Francisco Suarez from SUNY Oswego’s communication studies faculty partnered with local public TV station WCNY to successfully stage the first year of the Visual Storytelling Summer Camp for middle-school children. 

The free camp for students in the Syracuse City School District ran from June 27 to July 26.

“We had applications through our website where you fill out a form, and part of the form that was very important was that you need to write an essay about why you want to be part of the camp,” said Suarez. “We wanted to guarantee that whoever came to the camp was somebody who would really take advantage of the opportunity.”

The camp also received a lot of help from WCNY, as they offered up their facilities and tools for the students to use in order to create their short film. 

“WCNY is a PBS station here in Central New York and they have been an amazing partner to make this happen," Suarez said. "They offered access to their facilities in downtown Syracuse, so we used the TV studio in WCNY but also they have this really cool technological classroom that allowed us to teach there during the camp. They are really an amazing partner in the process and we wouldn’t be able to do this without them.”

During the four weeks at the camp, students learned visual storytelling, camera movements, camera shots, editing, makeup, set design and more through lectures, tests and games. SUNY Oswego students Angel Hall and Dylan Suttles helped make the camp successful. 

My role in the camp was as an assistant camp coordinator," Hall said. "My job included supervising the children, planning games for them to play, meal planning, and helping them with their story and movie.” 

Just like the younger participants, Hall and Suttles also learned a lot through participating in the summer camp. 

“Doing the Visual Storytelling Summer Camp taught me a lot about leading and education. Helping the kids to create their own work, put in the a role of a guide and a teacher to them, isn't something I have much experience in,” Suttles said. “So in addition to learning about the craft through the immersion in visual storytelling and Professor Suarez's lessons, the kids were teaching me how to teach them.”

Part of Suttler’s role at the camp was to capture photos as well as film and produce the behind the scenes video of the campers going through the process of creating their short film. 

Hall also felt a personal connection to the program and wanted to help the students who enrolled take advantage of the opportunity.

I wanted to be involved in the camp because I saw it would be a wonderful opportunity for children in Central New York," Hall said. "I grew up in the CNY area and knew there was a lack of programs for kids with interests other than sports or outdoor activities in the summertime.
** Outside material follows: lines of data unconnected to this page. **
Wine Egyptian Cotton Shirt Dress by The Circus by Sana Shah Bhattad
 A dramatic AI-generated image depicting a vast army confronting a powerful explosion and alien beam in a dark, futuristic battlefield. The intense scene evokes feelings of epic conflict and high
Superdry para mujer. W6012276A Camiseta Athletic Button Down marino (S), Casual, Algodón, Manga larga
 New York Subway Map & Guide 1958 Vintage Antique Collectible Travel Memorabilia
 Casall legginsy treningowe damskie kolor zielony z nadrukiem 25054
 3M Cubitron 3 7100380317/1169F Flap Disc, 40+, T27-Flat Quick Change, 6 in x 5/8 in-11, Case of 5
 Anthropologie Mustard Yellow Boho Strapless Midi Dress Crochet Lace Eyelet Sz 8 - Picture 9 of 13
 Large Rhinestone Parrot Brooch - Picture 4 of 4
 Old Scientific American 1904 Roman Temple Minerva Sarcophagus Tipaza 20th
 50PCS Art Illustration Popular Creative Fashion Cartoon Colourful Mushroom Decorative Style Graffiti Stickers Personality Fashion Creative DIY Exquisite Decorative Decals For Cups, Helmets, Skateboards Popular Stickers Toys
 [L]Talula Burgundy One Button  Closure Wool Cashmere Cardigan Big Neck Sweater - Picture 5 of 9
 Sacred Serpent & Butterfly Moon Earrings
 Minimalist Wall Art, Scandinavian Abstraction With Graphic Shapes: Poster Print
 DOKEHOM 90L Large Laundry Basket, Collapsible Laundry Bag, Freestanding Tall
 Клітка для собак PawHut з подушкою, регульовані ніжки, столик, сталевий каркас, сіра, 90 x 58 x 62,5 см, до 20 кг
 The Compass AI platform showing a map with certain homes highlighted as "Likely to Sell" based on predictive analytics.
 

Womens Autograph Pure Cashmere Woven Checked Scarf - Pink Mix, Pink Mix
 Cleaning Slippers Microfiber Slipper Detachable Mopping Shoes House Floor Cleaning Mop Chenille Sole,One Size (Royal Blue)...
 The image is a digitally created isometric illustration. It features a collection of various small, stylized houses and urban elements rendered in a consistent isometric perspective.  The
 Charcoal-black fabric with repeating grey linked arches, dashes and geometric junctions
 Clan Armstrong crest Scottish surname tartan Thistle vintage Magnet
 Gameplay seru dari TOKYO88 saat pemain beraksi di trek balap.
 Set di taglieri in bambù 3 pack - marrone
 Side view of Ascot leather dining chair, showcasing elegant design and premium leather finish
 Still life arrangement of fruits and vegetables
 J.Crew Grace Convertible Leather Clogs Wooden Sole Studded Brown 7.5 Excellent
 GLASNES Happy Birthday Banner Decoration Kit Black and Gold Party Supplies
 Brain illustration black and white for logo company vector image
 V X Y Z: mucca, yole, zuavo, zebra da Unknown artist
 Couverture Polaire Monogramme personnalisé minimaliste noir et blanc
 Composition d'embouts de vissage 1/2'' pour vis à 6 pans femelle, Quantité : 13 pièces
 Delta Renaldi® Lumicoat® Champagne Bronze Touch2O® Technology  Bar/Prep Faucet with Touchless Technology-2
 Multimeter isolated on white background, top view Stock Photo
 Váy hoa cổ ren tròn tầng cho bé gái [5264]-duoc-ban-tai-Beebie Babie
When I saw that Professor Suarez was doing this camp, I wanted to be involved so I could help give the children opportunities I never had but wanted when I was their age.”

In the end, the students attending the summer camp produced a short film called "Mob of the Undead," where each camper, ages 10 to 14 wrote, produced and edited the piece. 

“They went for a zombie story –- they were excited about zombies," Suarez said. "They learned incredibly fast –- faster than I was expecting –- the camera movements, camera shots, visual storytelling, grammar, video editing, lining, makeup and even set design. So really by week two they were very much capable to not only know the camera shots and camera movements but to really use it in the way that they should be using it.”